As in, why attack a child so viciously?
Alfonso was arrested after choking a 7-year-old girl so hard, she passed out, and of trying to tear away the girl's jaw and tongue. According to police, the girl's mouth was badly injured, and she lost a tooth.
Farkas sentenced Alfonso to 15 years in state prison for the New Year's Eve 2012 assault. Alfonso pleaded guilty to first-degree attempted assault, a class C violent felony, in July.
Alfonso's silence in court on Monday seemed to displease the judge.
"You can't answer (why). And that makes you a frightening man," Farkas told him.
In a pre-sentence report, Alfonso reportedly blamed his use of bath salts, marijuana and drugs for his behavior. At the time of the attack, Alfonso claimed, he was practicing Santeria and believed he was choking "evil spirits" out of the girl.
Alfonso's attorney, David C. Douglas, didn't endorse the Santeria claim, but he insisted that Alfonso must have been intoxicated in some way.
"You can't rationally explain irrational behavior," he said. "There's no rational explanation ... . There's no motive."
Assistant District Attorney Elizabeth R. Donatello asserted there was. Alfonso reportedly had been physically picking at the girl until her mother pushed him away and demanded he stop touching her daughter. Alfonso then picked up the girl and attacked her, not stopping until the mother stabbed him.
"He blames it on drugs, blames it on expelling spirits from her body, but none of it explains why he did it," Donatello said. "He didn't like the mother sticking up for the little girl, instead of siding with him."

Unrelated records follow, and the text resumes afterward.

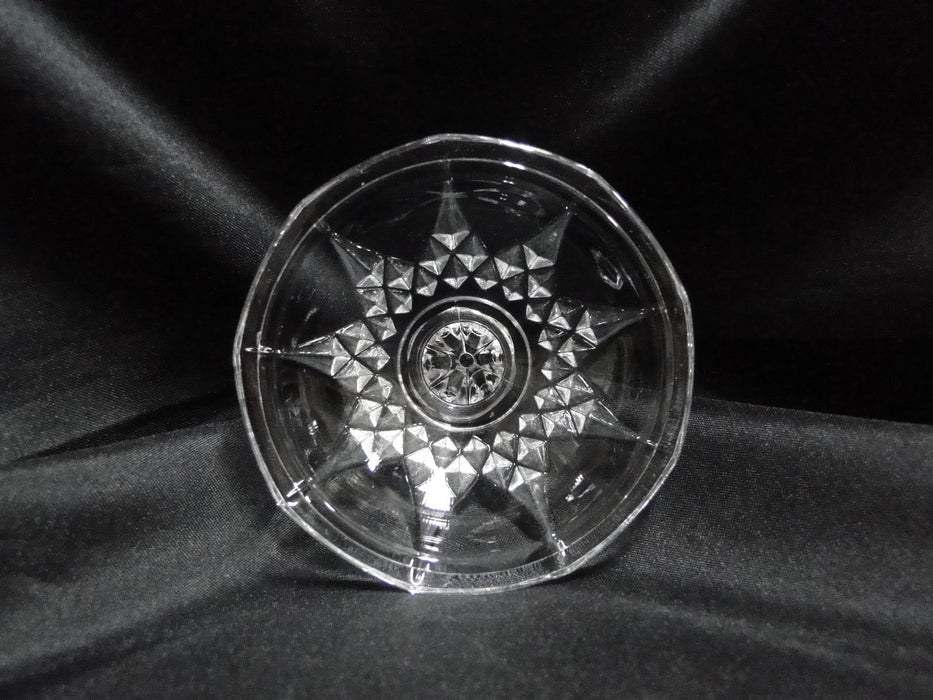 Cristal d'Arques Longchamps, Vertical & Diamond Cuts: Sugar Bowl & Lid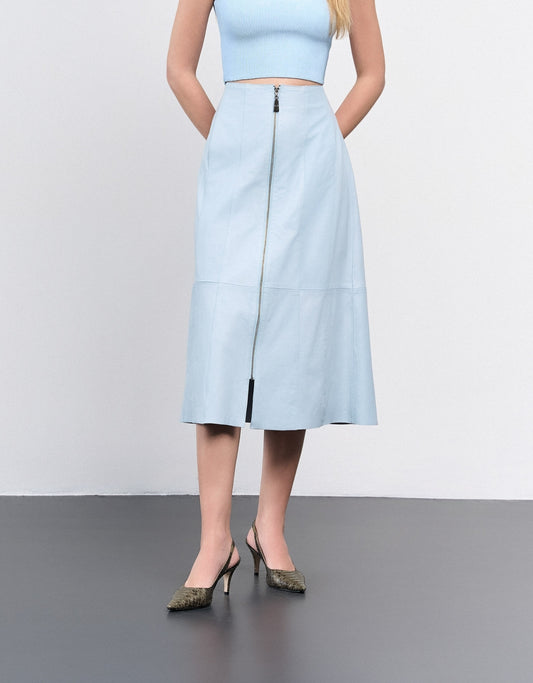 SAIA MANU MADRE REINA COURO BLUE DAY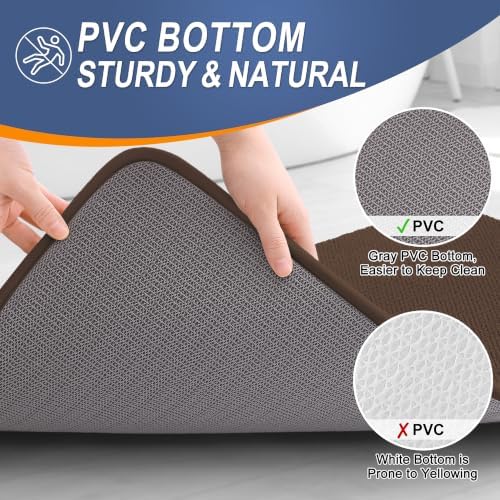OLANLY Memory Foam Bathroom Runner Rugs 70x24, Absorbent Long Mat - Image 4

According to Donatello, Alfonso never said he had used bath salts until he was interviewed after his July guilty plea.
Alfonso's behavior on the day of the assault was not consistent with those who are high on bath salts, she said, noting that Alfonso was able to converse with police and was in control of himself just an hour after the incident.

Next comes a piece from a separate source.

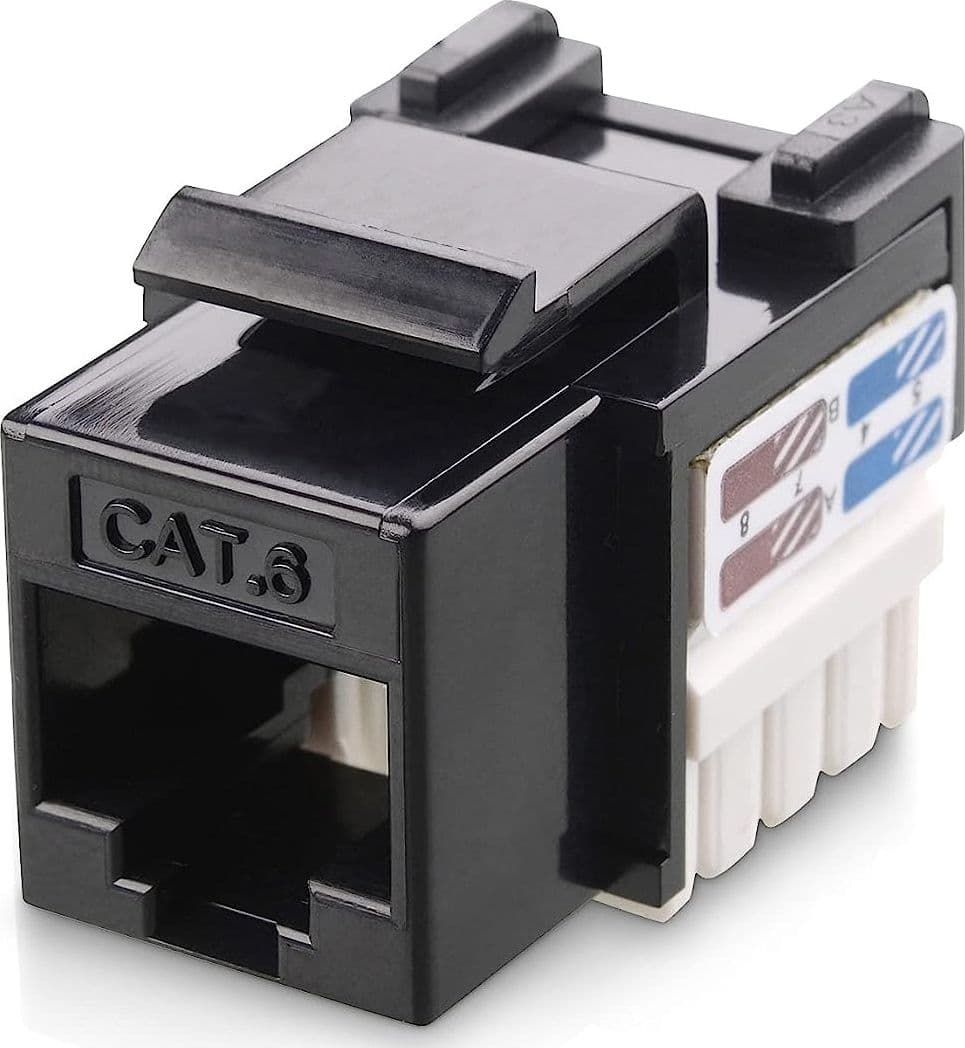 Frutto Keystone RJ45 Cat.6 UTP IDC 90&deg Nero - 9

Douglas disagreed, noting that when officers found Alfonso on Monroe Street, he approached the officers and who twice used a Taser to subdue him.
"He was literally out of his mind," Douglas said, asking Farkas for less the maximum of 15 years behind bars.
The victim was not in court Monday, but her mother was. Donatello read a letter written by the girl in which she also asked, "why?"
"I was scared," the girl wrote. "I wasn't able to go home ... I want him to go to jail forever."
Alfonso received a 15-year sentence at the insistence of the district attorney's office, after trying to bargain for a 10-year maximum with his guilty plea to a lesser charge. Originally Alfonso was charged with second-degree attempted murder, assault and strangulation.
Prosecutors wanted more jail time for Alfonso because it's his second felony conviction, Donatello said. He was convicted of criminal sale of a controlled substance in 2008.
Prior to the attack on the girl, it's known that he slashed the mother's tires, Donatello added.
Alfonso was ordered to submit to five years of post-prison release supervision. The girl and her family were granted an order of protection.
Alfonso apologized, first to the court, then to the victim, turning around to face her family in the gallery. He said he didn't know the why, but he knew the who.
"I'm not blaming anybody but myself for my actions," he said.